10 Must Reads for the CRE Industry Today (September 13, 2016)


  1. Capital, Shipping Flows Likely to Buoy Development in U.S. Southeast “Although the Federal Reserve Board is expected to raise interest rates, many macroeconomic trends continue to favor U.S. commercial real estate as an asset class, Jimmy Hinton, a managing director of research at Holliday Fenoglio Fowler—a large provider of commercial real estate and capital markets services to the U.S. commercial real estate industry—told attendees at a ULI South Carolina capital markets conference held on Kiawah Island in September.” (Urban Land Magazine)
  2. Pay Rises for Local REIT Bosses “Rising rents and occupancies boosted the fortunes of local real estate investment trusts last year—and of their top brass, too.
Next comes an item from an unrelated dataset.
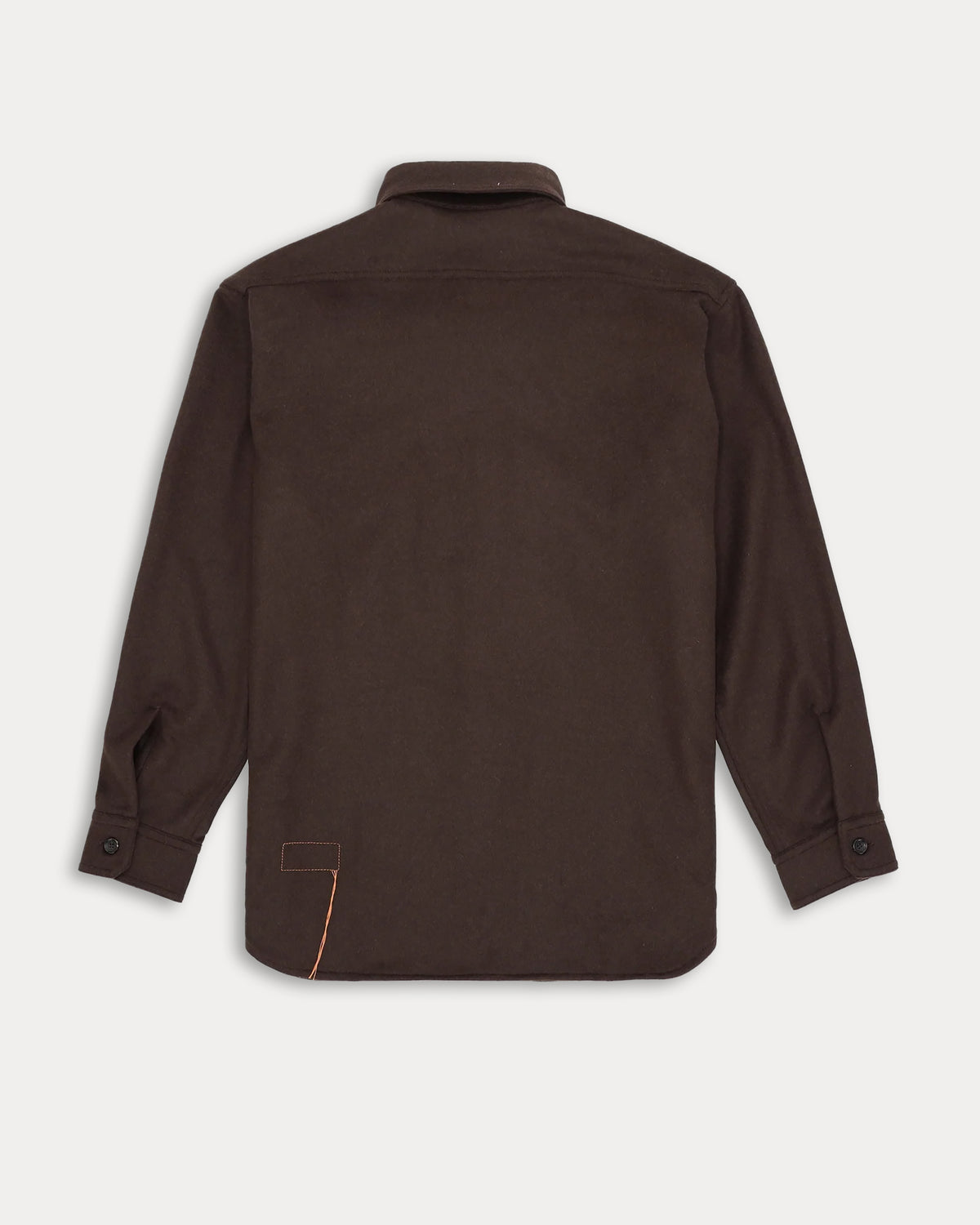 CPO2.0 Wool Overshirt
Six of eight Chicago-area REIT CEO's took home bigger paychecks in 2015 than they did a year earlier, according to company proxy statements. The king of the hill by far: Sandeep Mathrani, CEO of General Growth Properties, whose total compensation jumped eightfold, to $39.2 million, from 2014. Mathrani, 54, was not only the highest-paid local REIT executive last year, but he was also the highest-paid REIT CEO in the entire country.” (Chicago Real Estate Daily)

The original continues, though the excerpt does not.